AVI linked a post by Earl Wajenberg that examines the treatment of slavery in various parts and eras of Biblical society. While his thrust is chiefly moral rather than historical, the treatment of pre-Roman Biblical society reminded me of my historical studies into feudalism and vassalage.
There is a word which is contextually translated ‘slave’, but it means just a ‘worker’ or a subordinate. This word is ‘ebed’.... In Near Eastern Bronze Age societies, everyone was the subject of someone, and everyone except the lowest tier had someone else as their subject. The ‘lord’ was the ‘adon’ (in Hebrew—other languages had the same system but different words). The ‘subject’ was the ‘ebed’.
Normally, the adon took on obligations in regard to the ebed, typically of protection and advancement, and the ebed took on obligations in regard to the adon, typically in regard to services rendered and honour due, though it might be taxes or profit-sharing.

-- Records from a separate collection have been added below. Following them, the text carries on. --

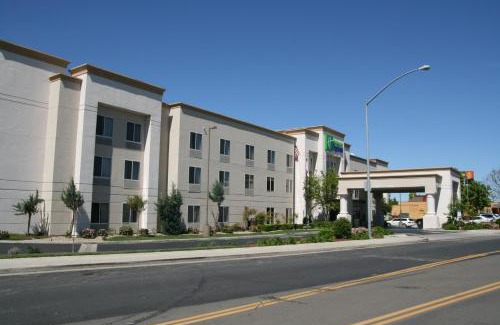 Stockton Hotel | Holiday Inn Express Stockton Southeast by IHG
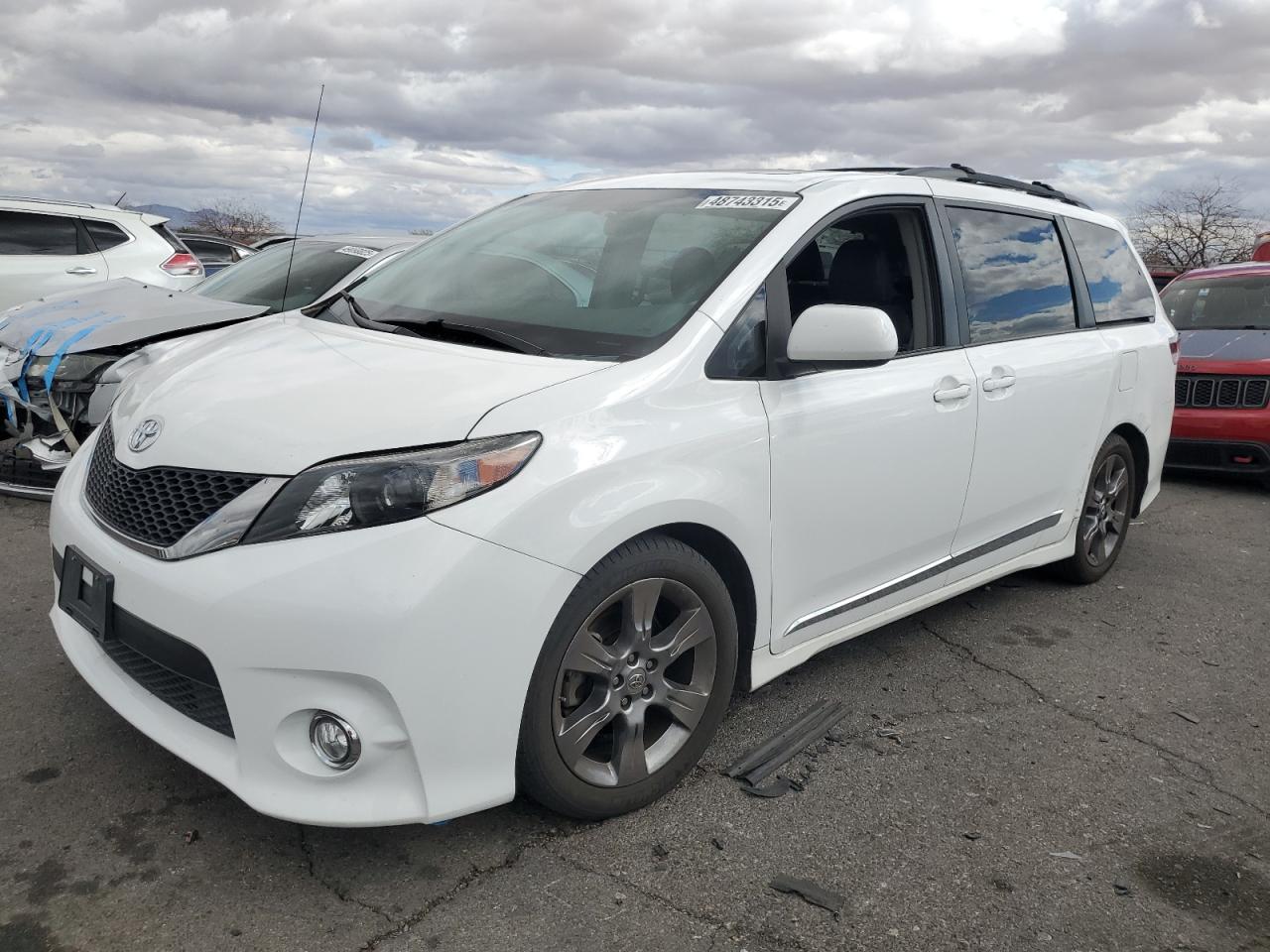 TOYOTA SIENNA SPO 2011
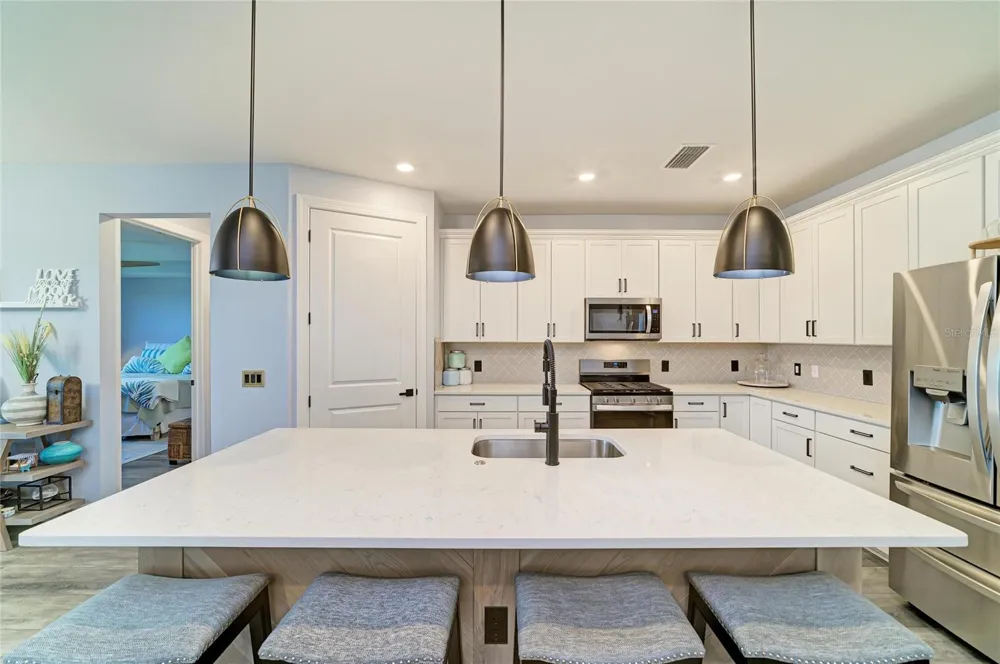 7683 SUMMERLAND COVE Lakewood Ranch, FL 34202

High status was conferred by having a high-status adon, and by being given a high role in his entourage....
There is a careful breakdown of different types of this relationship, with very different levels of honor and status. In later, post-Roman society slavery was a legal institution governed by Roman law. He details this as well.
The relationship he describes between the 'adon' and 'ebed' is roughly analogous to the relationship in feudalism between the 'suzerain' and the 'vassal.' When reading chivalric romance from the High Middle Ages, our own cultural assumption that freedom is the most desirable state is often called into question. In England, there are free men of various sorts; they are often of Anglo-Saxon heritage and not very high up at all in the social structure; the most prestigious are the "franklins," formerly thanes, who inherited knightly levels of privilege from the Norman Conquest and its subsequent peace.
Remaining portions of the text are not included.